Kuo is known for his notorious and bang on predictions of Apple products. He was the first to report in January that Apple’s iPad Pro would be accompanied by a pressure-sensitive stylus which we now call the Apple Pencil. He had also given word for word predictions regarding the Apple Watch and many other Apple devices.

Recently, there had been rumours milling about which stated that the 2016 model of the iPhone, which is the iPhone 7, would probably feature an AMOLED display. Some believed it to be exciting news, others brushed it off as mere speculation.

Whatever the case, the whole ordeal has today been declared to be a myth by Ming-Chi Kuo. The analyst noted that Foxconn has struck a deal with the government of Henan Province, China, to build sixth-generation LTPS TFT-LCD production lines in Zhengzhou. The production plant is said to enter the market in 2018, and Kuo believes that the huge investment is for earning TFT-LCD orders for future iPhones.

Another argument, Kuo adds, is that Japanese supplier Minebea, which provides backlight units for Apple’s iPhone lineup, has informed its investors that it doesn’t believe that TFT-LCD share loss to AMOLED in the high-end smartphone could be a thing in the near future. The company believes that the next three years would see companies still as hungry for LCD displays as of the past, if not more.

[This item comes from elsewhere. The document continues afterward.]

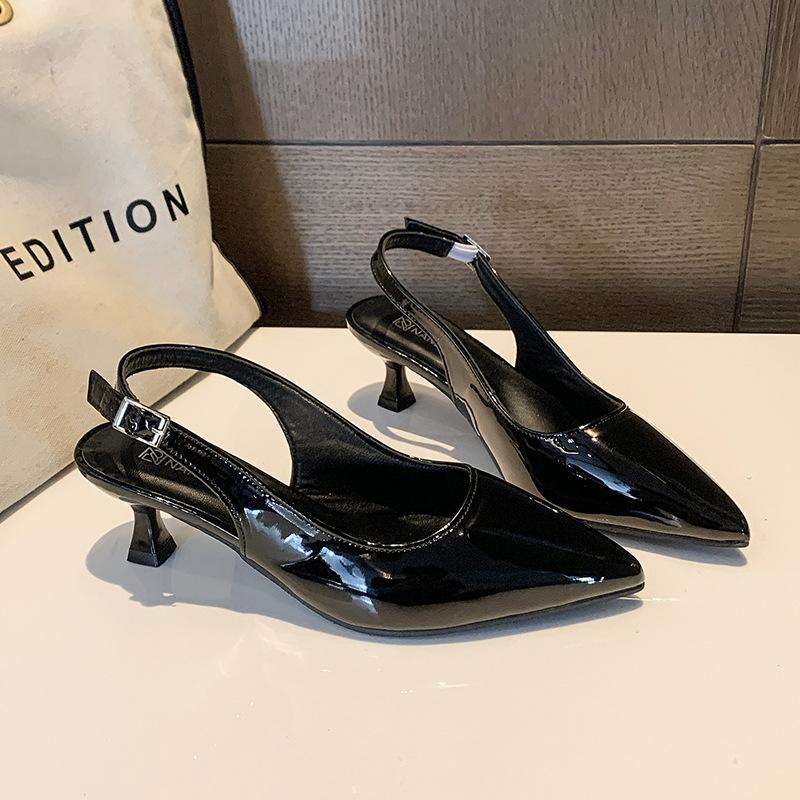 French Lacquer Leather Baotou Sandals for Women 2025 Summer New Versatile Fine Heel Pointed High Heels Mary Jane Shoes Slides 43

While OLED displays provide better colour saturation, much higher brightness and higher battery lives, the traditional LCD displays too have their own advantages, including production cost, supply flexibility, product life, and visibility in sunlight.

We saw Apple use an OLED display on its Watch but that was because the UI is darker and would allow for better battery efficiency. In fact, an OLED display on an iPhone would be useless unless the UI is made darker. Also, the 1.5-inch OLED panel has been reported to be more expensive than a traditional LCD one.